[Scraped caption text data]
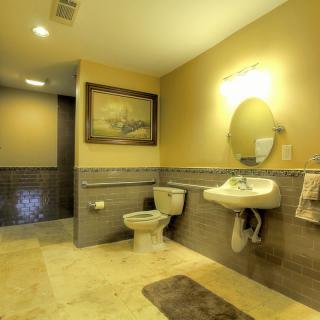 A spacious and well-lit bathroom featuring a sink, toilet, mirror, and decorative wall art.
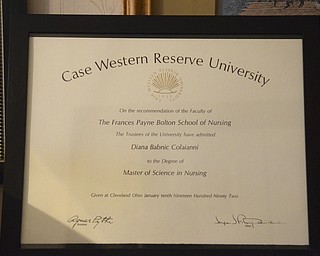 Katie Rickman | The Vindicator .After years of hanging in her office, Diana Colaianni's diploma from Case Western Reserve University rests on top of the shelf in her walkway of her Boardman home along with many other boxes on Tuesday, Nov. 25, 2014.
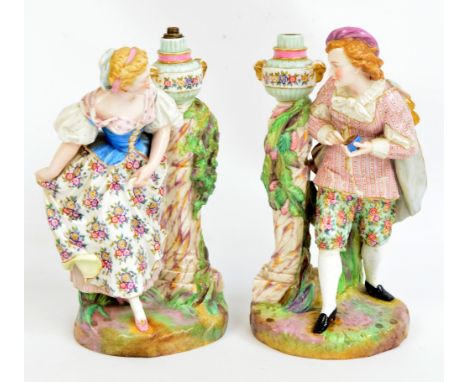 A pair of late 19th century Meissen male and female figural lamp bases, base inscribed "Exposition de Vienne (Autriche) 1873"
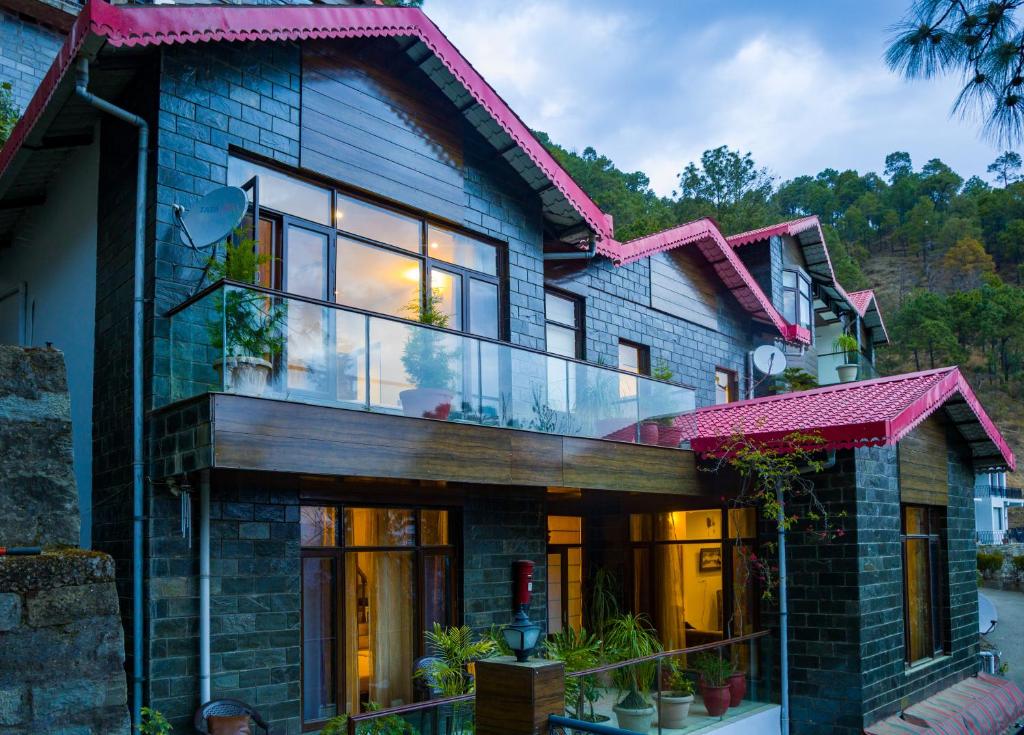 a house with large glass windows on it at Alaya Stays Kasauli Woods Cottage 3 BHK Retreat with Outdoor Lounge & Balcony in Patta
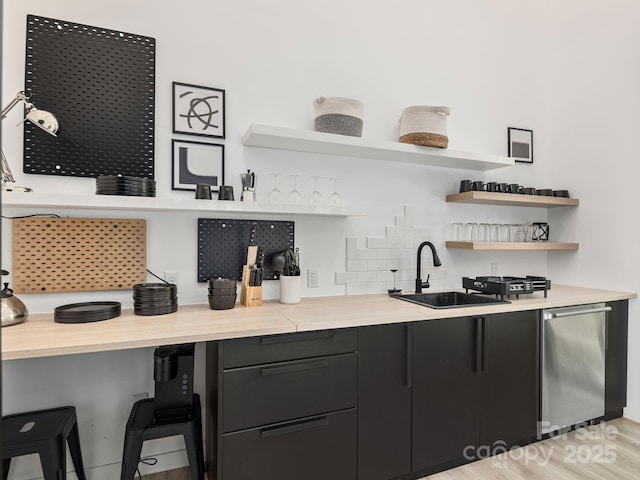 1759 Williamson Creek Rd, Pisgah Forest, NC 28768 - indoor wet bar with tasteful backsplash, dishwasher, and light wood-style floors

What you need to do - No pictures belong in the output. It should reproduce exactly the lines from the one containing "a house with" through the end of the data, both ends included.

Worked solution -
 a house with large glass windows on it at Alaya Stays Kasauli Woods Cottage 3 BHK Retreat with Outdoor Lounge & Balcony in Patta
 1759 Williamson Creek Rd, Pisgah Forest, NC 28768 - indoor wet bar with tasteful backsplash, dishwasher, and light wood-style floors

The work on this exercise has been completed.